Two women and a teenager, all residents of Subhash Mohalla in northeast Delhi’s North Ghonda neighbourhood, accused officials of Delhi’s Bhajanpura police station of beating and sexually assaulting them in the station premises on the night of 8 August. That evening, a group of around ten women—including Shaheen Khan, Shanno, and the latter’s 17-year-old daughter—visited the police station to seek the registration of a first-information report against offences identified in a complaint they had filed two days earlier. As the other women waited in the compound, the three of them went inside the station and demanded an FIR. But the police refused and attacked them, the trio told us. All of them, including the minor, said that they were violently and repeatedly slapped, manhandled and threatened, and further accused the police officials of sexual assault—charges that the Delhi Police denied. Ashok Sharma, the Bhajanpura station-house officer, said he informed the women that an FIR could only be registered after an enquiry, and dismissed all allegations of violence at the station.

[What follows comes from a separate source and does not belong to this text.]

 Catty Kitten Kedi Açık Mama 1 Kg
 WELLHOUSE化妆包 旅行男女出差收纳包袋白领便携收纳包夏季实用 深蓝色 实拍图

“I saw this, I was there,” Khan said. “They put their hands on the girl’s chest, they misbehaved with her and Shanno. They even tore Shanno’s clothes over here,” she added, pointing to her collar bone. Her own neck had a prominent scratch mark below it. We spoke to the three of them late on the night intervening 8 and 9 August. Shanno’s kurta was still torn at the time. She broke into tears at multiple points while speaking to us. After one such occasion, she took a deep breath to compose herself and said that policemen pulled her daughter by her hair and “tried to drag her into a dark corner.” Pointing to her own chest, she added in between sobs, “Meri beti ko galat-galat jaga haath lagaya”—They touched my daughter in wrong places. Her daughter repeated the same. “They misbehaved with us a lot—with me, my mother and another woman who was with us,” the 17-year-old said. “They misbehaved with us so much, I can’t tell you.”
The women had gone to the police station in relation to an incident that took place on the intervening night of 5 and 6 August. At around 1 am that night, as part of their celebrations over the stone-laying ceremony of the Ram temple at Ayodhya that had taken place earlier in the day, a group of Hindu residents of the area roamed the streets hailing the development and raising communal slogans. “They came on the night of 5 August, challenging us by raising slogans of ‘Jai Shri Ram,’ and many even hurled abuses, asking the Muslims to leave the neighbourhood,” Salim, Shanno’s husband, told us. “This is what the complaint was all about, for which they were not ready to register the FIR. We live in a state of panic every day and night now.” Shanno has previously filed a complaint relating to attacks, looting and arson she witnessed in Delhi during the February violence, and she said her family had faced attacks in relation to this in June this year.